The Cato Institute, a Washington-based public policy research organization, commented that the Roth IRA is similar to the TSFA, but far inferior. The think tank said, “Why are we letting Canadians have all the fun? Everyone agrees that Americans don’t save enough, so why don’t we kick-start a home-grown savings revolution with a U.S. version of TFSAs?”
TFSAs appeal to just about everyone.
Low- and modest-income individuals like TFSAs because withdrawals and investment returns earned in the account will not affect their eligibility for federal tax credits and benefits, such as the Canada Child Tax Benefit and the Guaranteed Income Supplement. They have a greater incentive to save for their retirement years and for other short-term needs.
Seniors, in particular, like TFSAs because they can no longer contribute to an RRSP after December 31st of the year they turn 71 years of age.
Younger savers can use TFSAs to help fund their first home purchase or post-secondary education.
Canadians who have made the maximum contribution to their RRSP have another tax-effective saving vehicle.
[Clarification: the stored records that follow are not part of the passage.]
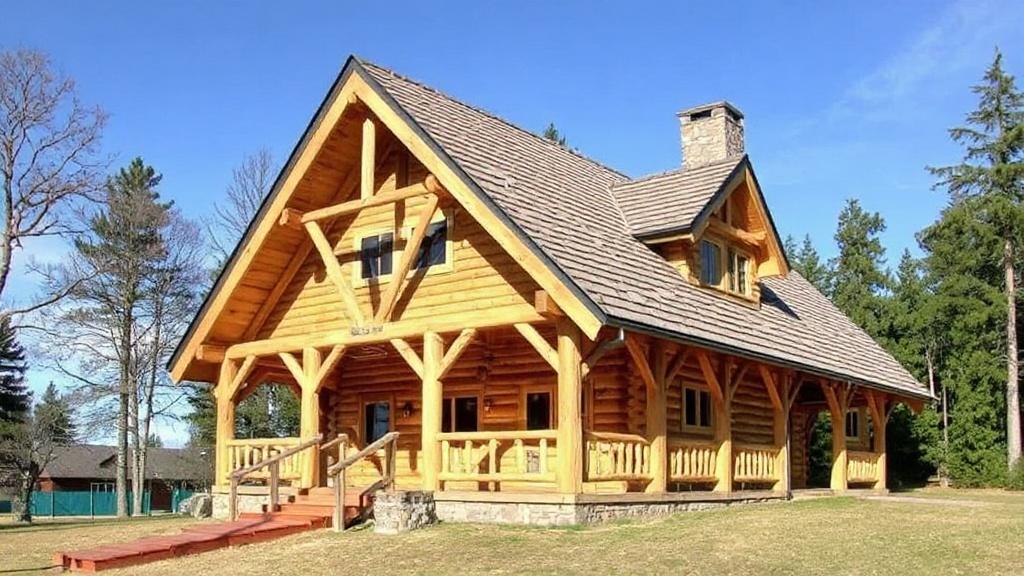 Брус или бревно: что выгоднее для коттеджа. Виды и отличия материалов: какие брус и бревно бывают Брус или бревно: что выгоднее для коттеджа. Виды и отличия материалов: какие брус и бревно бывают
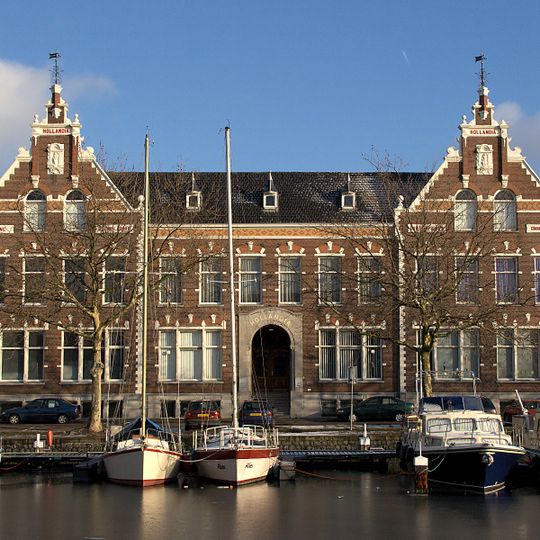 Oosthavenkade 42, Vlaardingen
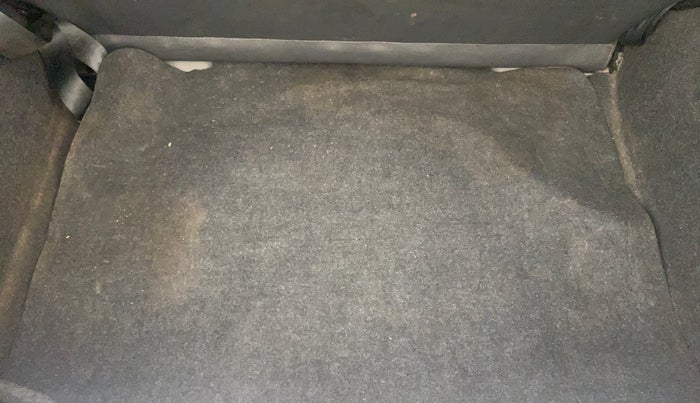 2018 Datsun Go T, Petrol, Manual, 1,20,402 km, Boot Inside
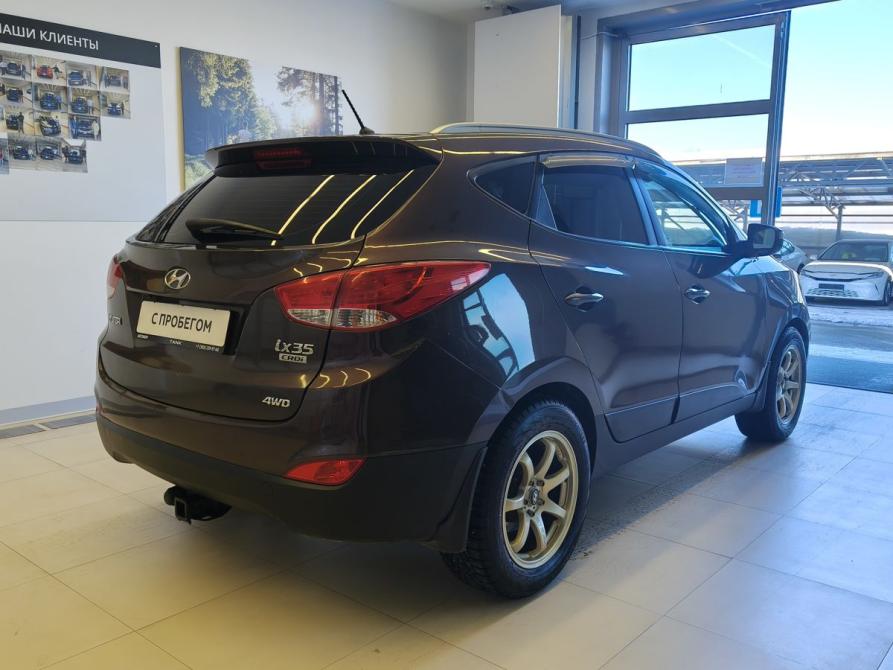 Hyundai ix35 I Новосибирск  - изображение 4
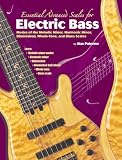 Product details for Essential Advanced Scales for Electric Bass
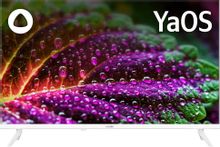 Изображение товара 32 Телевизор BBK 32LEX-7241/TS2C W HD SMART ТВ белый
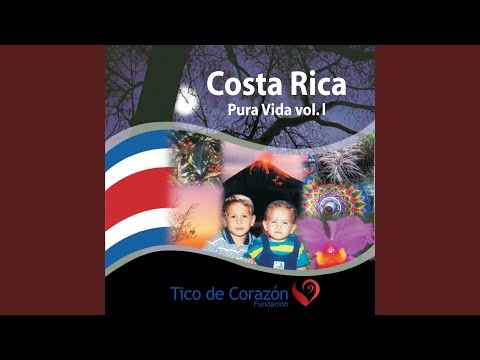 Así Es Mi Tierra Folklore De Costa Rica - Mario…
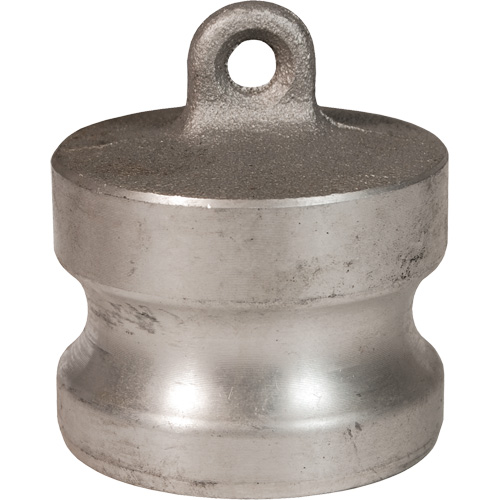 Bouchon anti-poussi&egrave;re &agrave; came et cannelure Dixon Industrial Sales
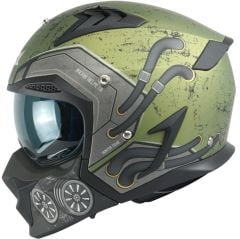 Axxis Hunter 980 Toxic Mat Yeşil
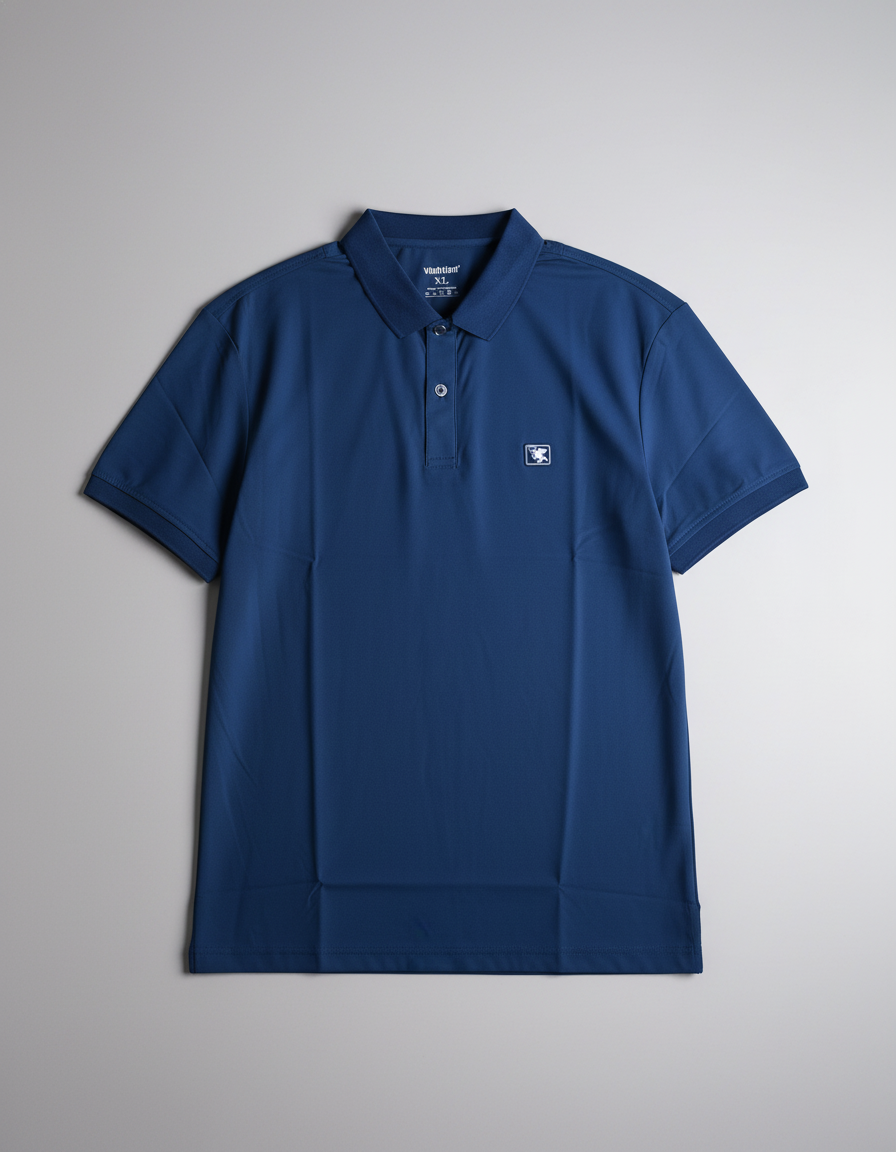 Áo Polo Nam Slim Fit Màu HR4--F020-23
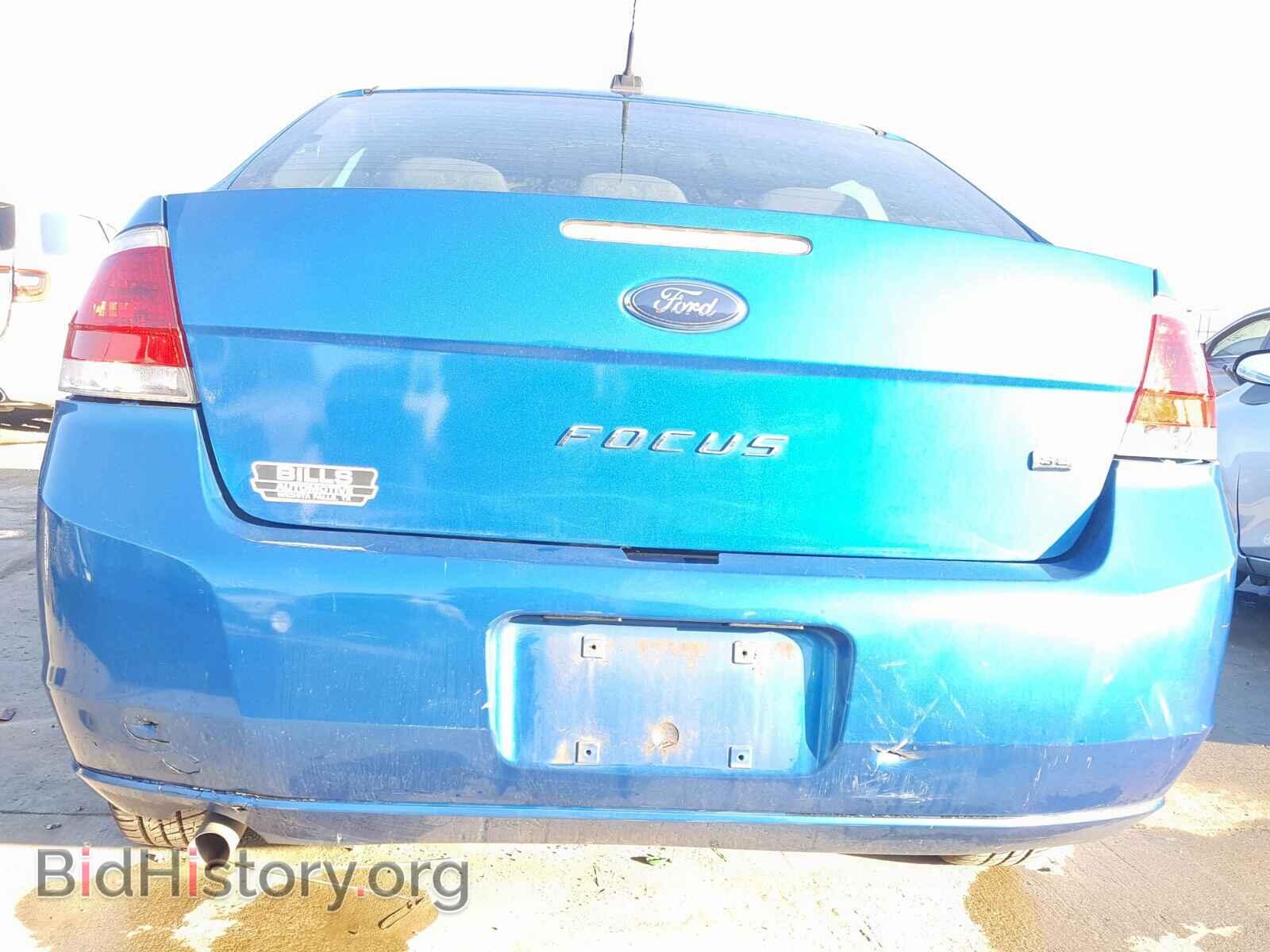 2011 FORD FOCUS - VIN: 1FAHP3FN5BW148122 - Фото 9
The proposal to double the TFSA contribution limit raises concern about fiscal costs and distributional equity, but on a broader scale, higher household saving provides funds for new capital investment and business expansion needed to promote economic growth. Additionally, accumulated TFSA savings will eventually be spent, generating further economic activity and new tax revenue.
Society as a whole benefits from the enhancement of tax-favoured saving schemes.